The Princes of Persuasion

By Ithai Benjamin and Rebeca Raney; Directed by Ithai Benjamin

Ithai Benjamin, Destiny and Domingo. This picture isn't from the FringeNYC production, but you get the idea.

BOTTOM LINE: One human and four puppets in a variety hour of sorts, singing songs, showing slides, bantering, and doing other bizarrely entertaining and slightly dirty things.

I almost don't know that I have the words to explain The Princes of Persuasion. It's weird. Really, really weird. But I don't mean that in a bad way. Because I was totally entertained. But this show is unlike anything I've seen before.

Creator Ithai Benjamin is a musician, and he has a repertoire of silly and sweet songs that sound like they could be for kids but aren't really juvenile. In this show, he performs these songs with four puppets as his band mates. The band is known as The Princes of Persuasion, and they bring a sort of variety hour that feels like The Muppet Show meets Flight of the Concords. There is also a bit of an Avenue Q vibe, but only in the sense that the puppets say dirty things.
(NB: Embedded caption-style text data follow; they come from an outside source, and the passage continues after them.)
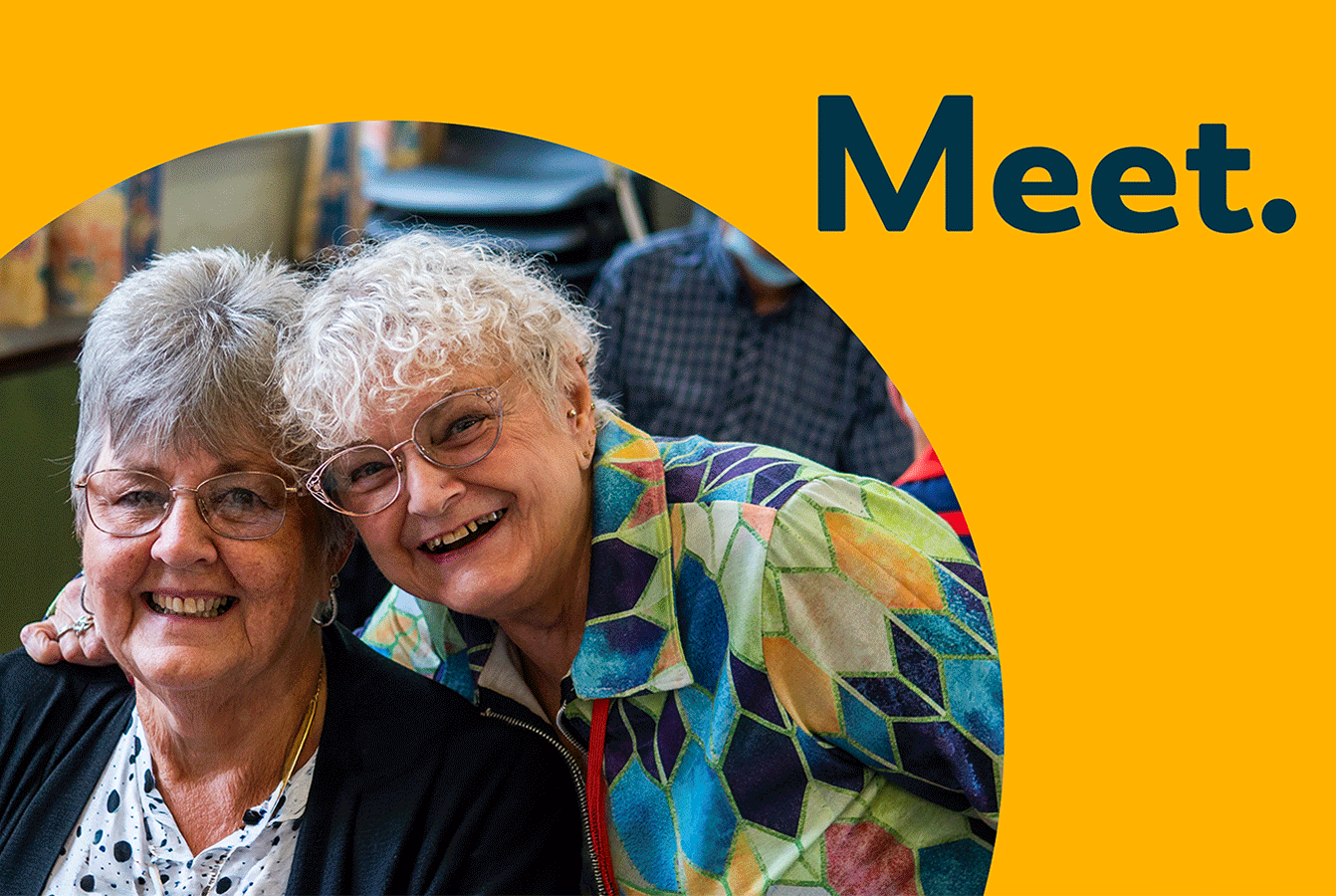 Three moving images for the charity Open Age. Two older women are smiling for a photo, with the word ‘Meet’ overlaid. An older Asian woman Hula-Hooping, with the word ‘Move’ overlaid. Two older men chatting over a cup of tea, with 'Learn' overlaid.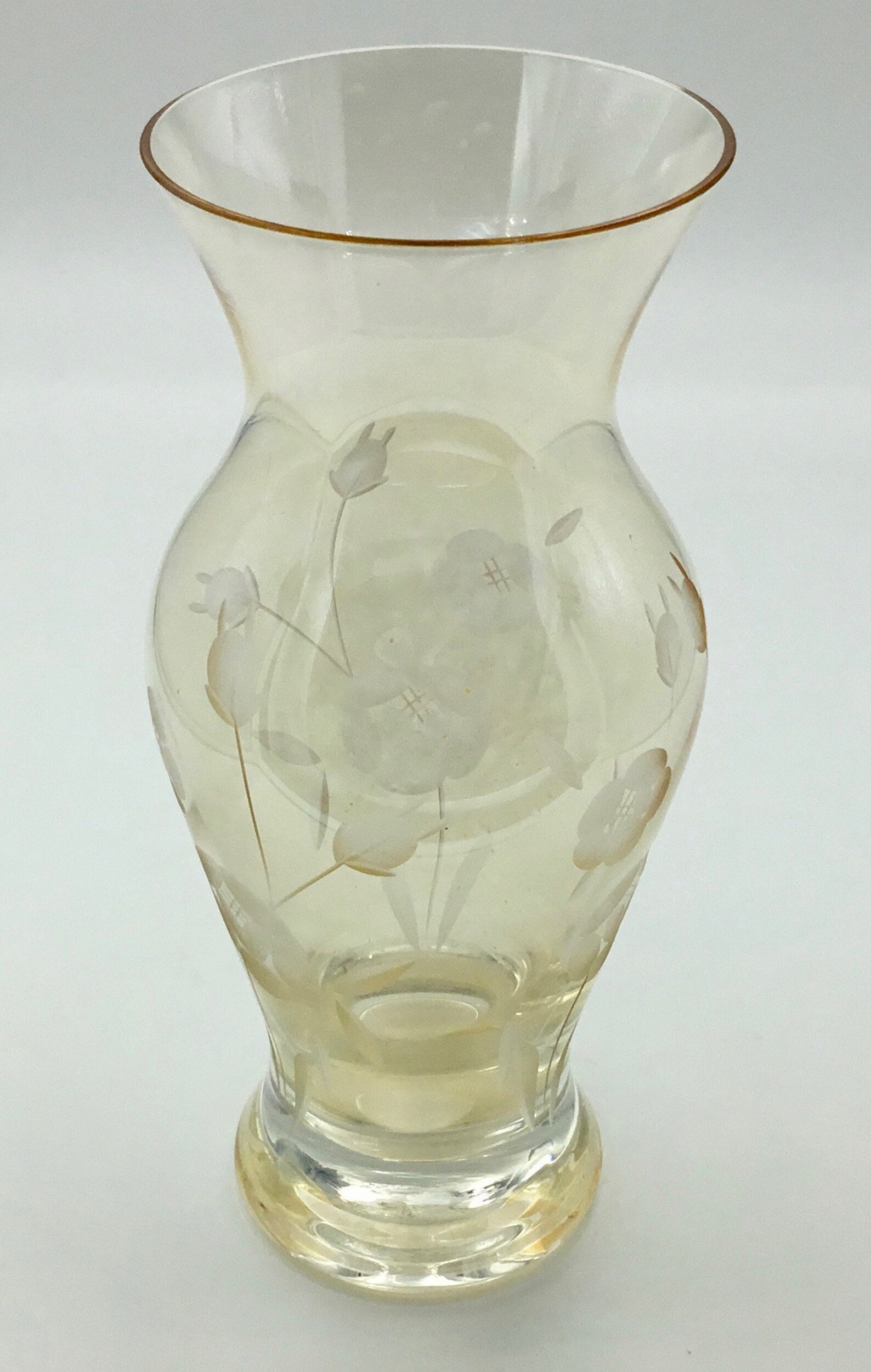 Beautiful Honey Coloured Posy Vase Etched Glass with Floral Etsy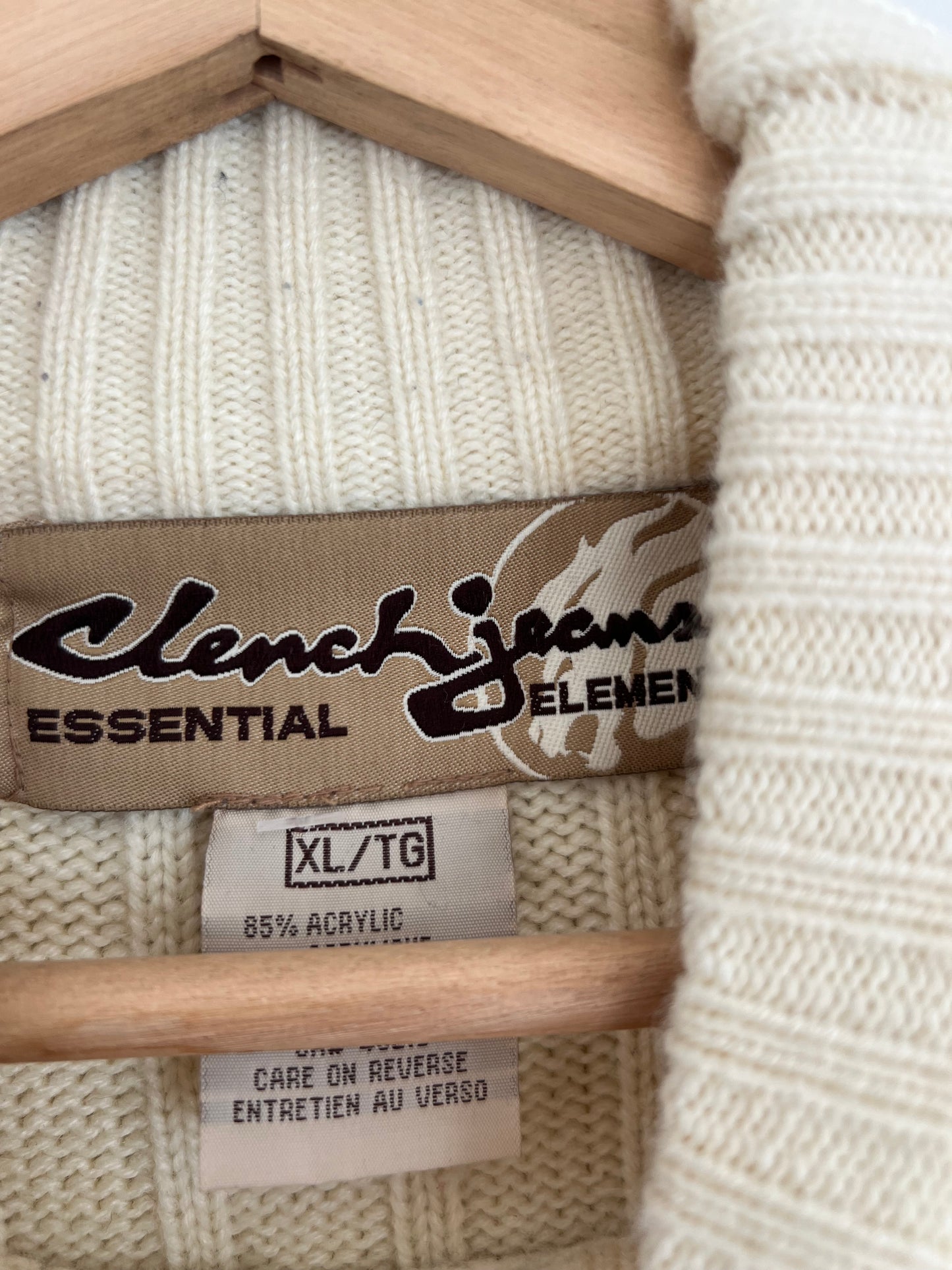 (XL) Y2K Clench Jeans Cream Knit Sweater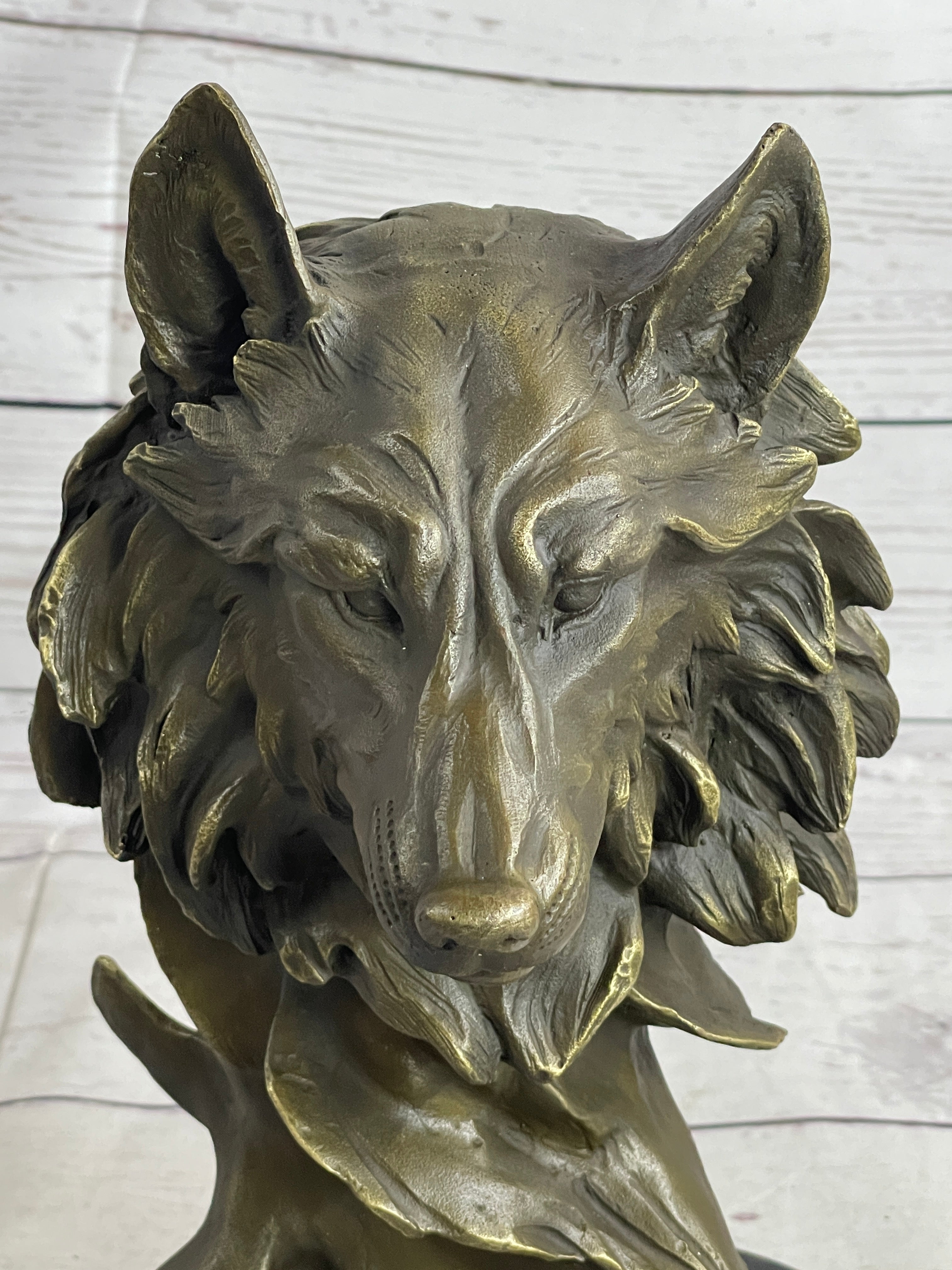 Abstract Bronze Wolf Head Bust Sculpture Signed 12" x 7"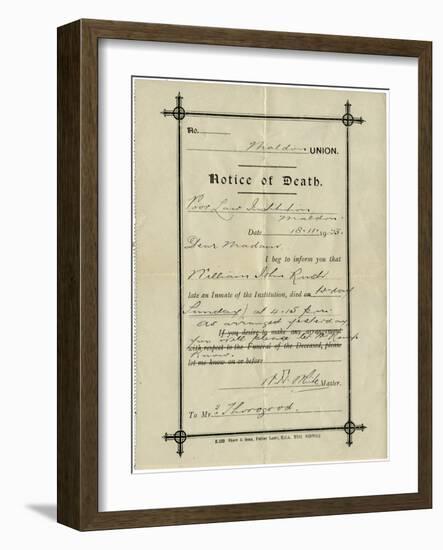 Notice of Death from Union Workhouse, Maldon, Essex-Peter Higginbotham-Framed Photographic Print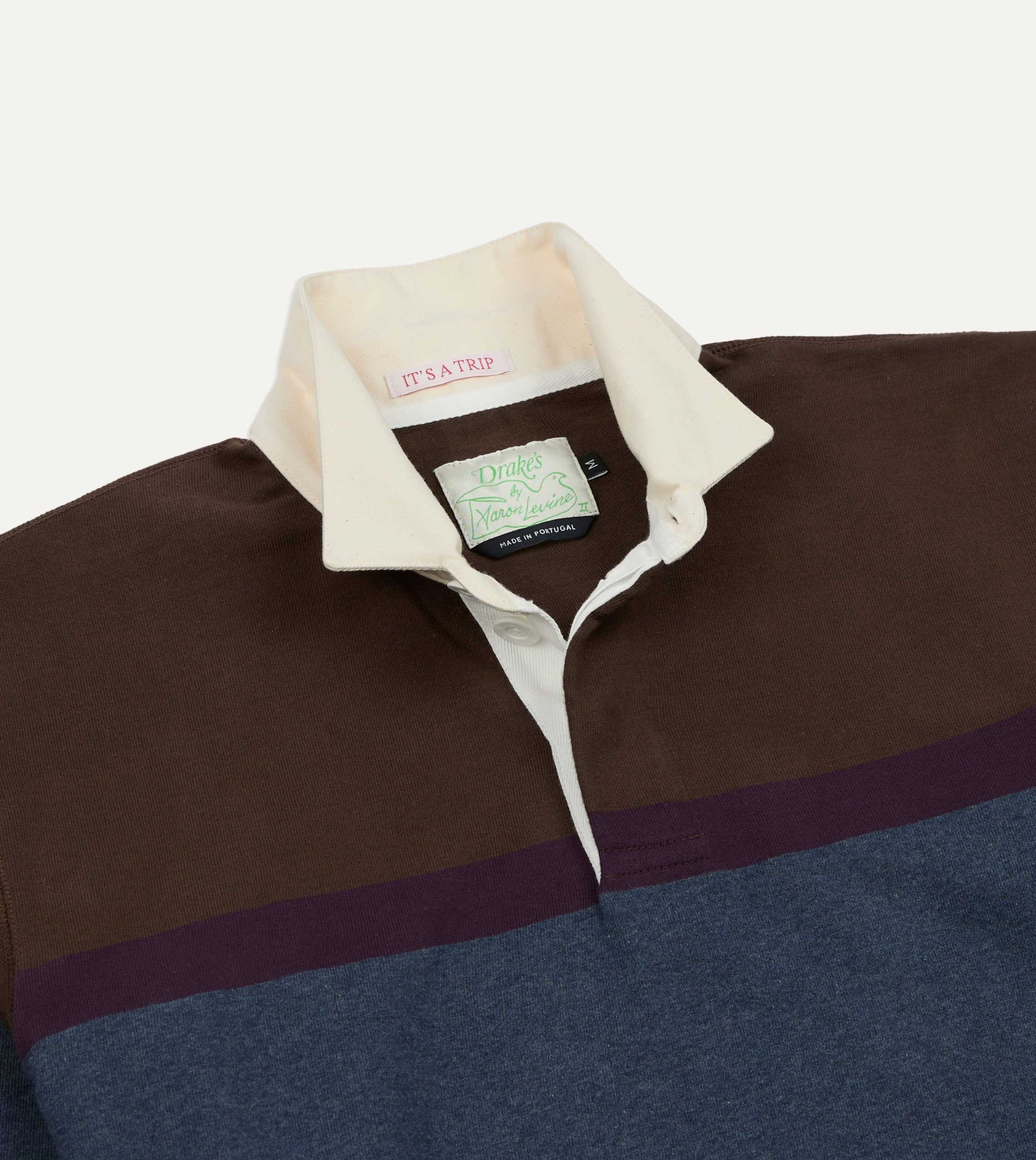 Drake's by A. Levine Brown and Blue Centre Stripe Cotton Rugby Shirt - Image 4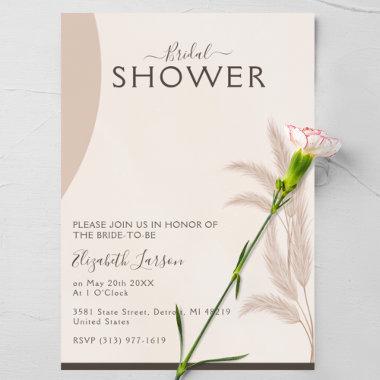 Elegant Boho Pampas Modern Wedding Bridal Shower Invitations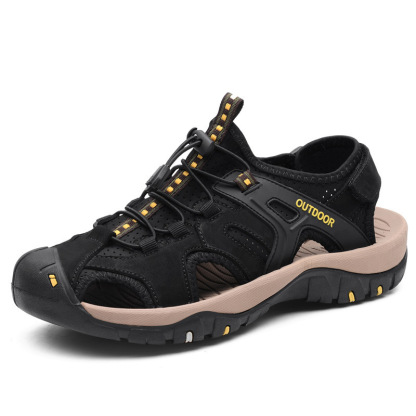 ⏰Promotion 70% OFF--MEN'S GENUINE LEATHER BREATHABLE BEACH HOLE SANDALS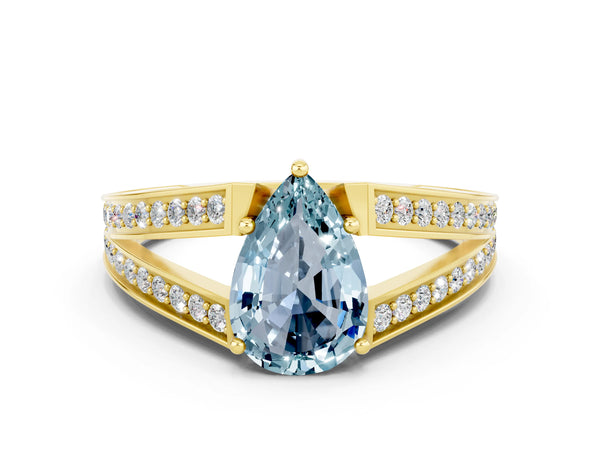 Yellow gold Pear Cut Aquamarine Split Shank Ring with Pavé Band and Four-Prong Setting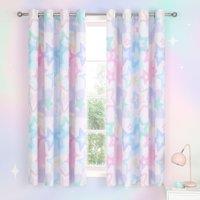 Catherine Lansfield Ombre Star 66'' x 72'' Ready Made Eyelet Curtains White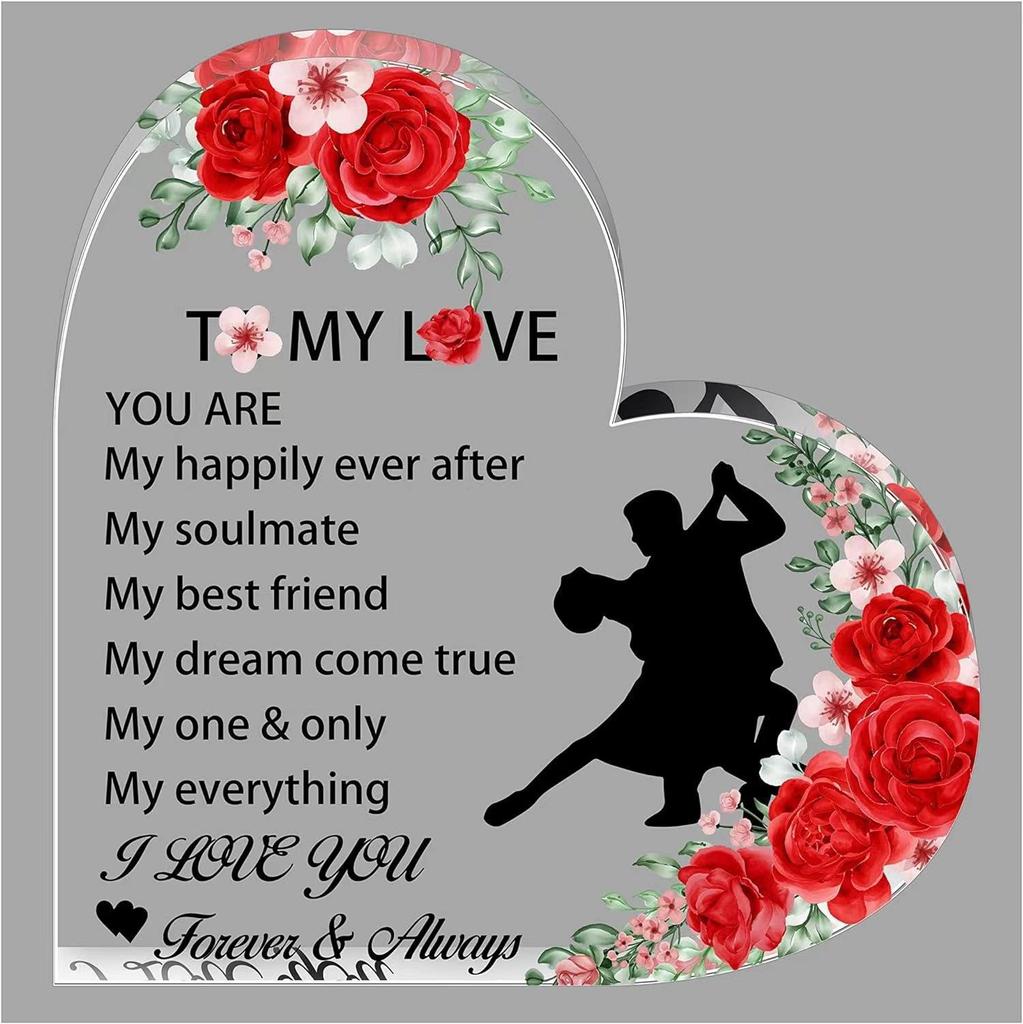 Heart Shape Acrylic Plaque Valentine's Day Gift Love Quote Keepsake for Wife Husband Couples Romantic Home Ornament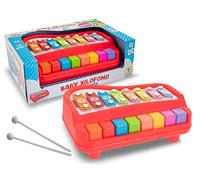 Teorema Giocattoli, Xilófono Juguete para Niños, Xilófono Niños 1 Año 2 en 1 con Teclas Piano, Primer Instrumento Musical para Bebés con Palillos Incluidos, Color Aleatorio (Rojo/Azul)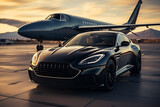 Luxury car and private jet on landing strip. Business class service at the airport.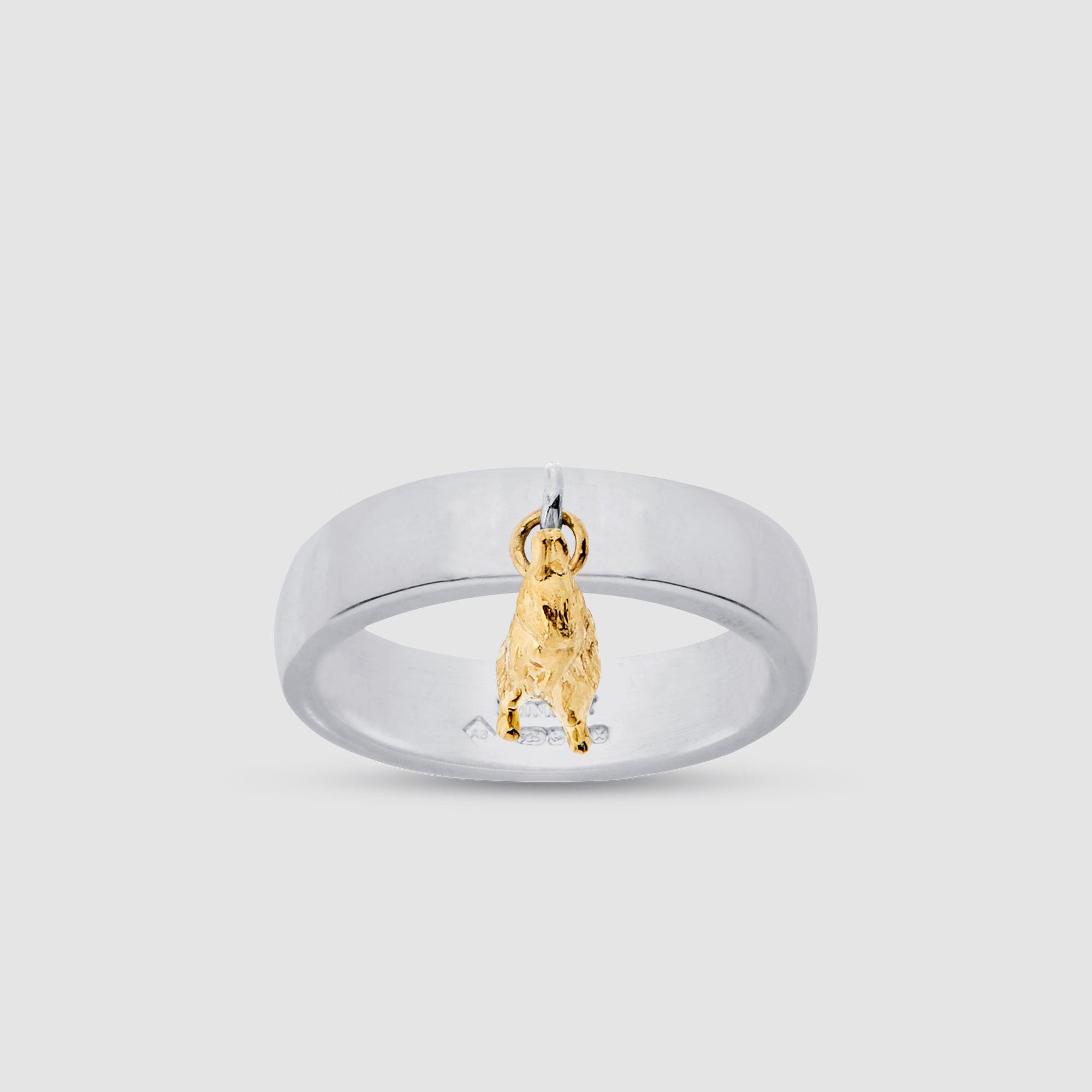 Bunney Silver Ring with Yellow Gold Rabbit Charm by ANDREW BUNNEY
Although Benjamin's music and lines are delivered live, the rest of the music (presumably a synthesizer) and the voices of the puppets are pre-recorded. The timing is spot-on, so the show runs smoothly and Benjamin converses with the puppets as if they were having a back and forth conversation. It's easy to forget that they are actually puppets - except for the fact that their design is creepily adorable and their movements are creepily animatronic. (The puppet design itself is really incredible.)

The songs are strung together loosely with the interim banter conveniently leading the conversation to a song of a similar topic. In this way, The Princes of Persuasion doesn't really have a plot - don't go in expecting a traditional play or musical. The five band members introduce themselves (accompanying Benjamin is Lil' Bo-tique, Domingo Santa Fanus, Linda the Ballerina, and Destiny Mazursky, the frontwoman). Then they engage the audience in a concert interspersed with slide shows, sing-alongs and chit-chat. There is a loose theme involving romance (this show is actually called The Princes of Persuasion: Recipes for Romance). The show's description refers to it this way: "Pop songs, sing alongs, vegetable casseroles and animal assholes: It’s a Recipe for Romance!"

If you are inclined toward silly, eccentric theatre, check out The Princes of Persuasion. It is definitely weird, but its generous, good-natured spirit is enough to charm anyone. Its hard to resist puppets making fart jokes.

(The Princes of Persuasion plays at the Dorothy B. Williams Theatre at HERE Arts Center, 145 Avenue of the Americas between Dominick and Spring Streets, through August 26th. Remaining performances are Thursday 8/19 at 7pm, Sunday 8/22 at 1:30pm, Wednesday 8/25 at 6pm and Thursday 8/26 at 8:30pm. Tickets are $15 in advance, $18 at the door, and are available at, by calling 866.468.7619, or in person at FringeCENTRAL, located at 1 East 8th Street at 5th Avenue. There is NO LATE SEATING for Fringe NYC shows.)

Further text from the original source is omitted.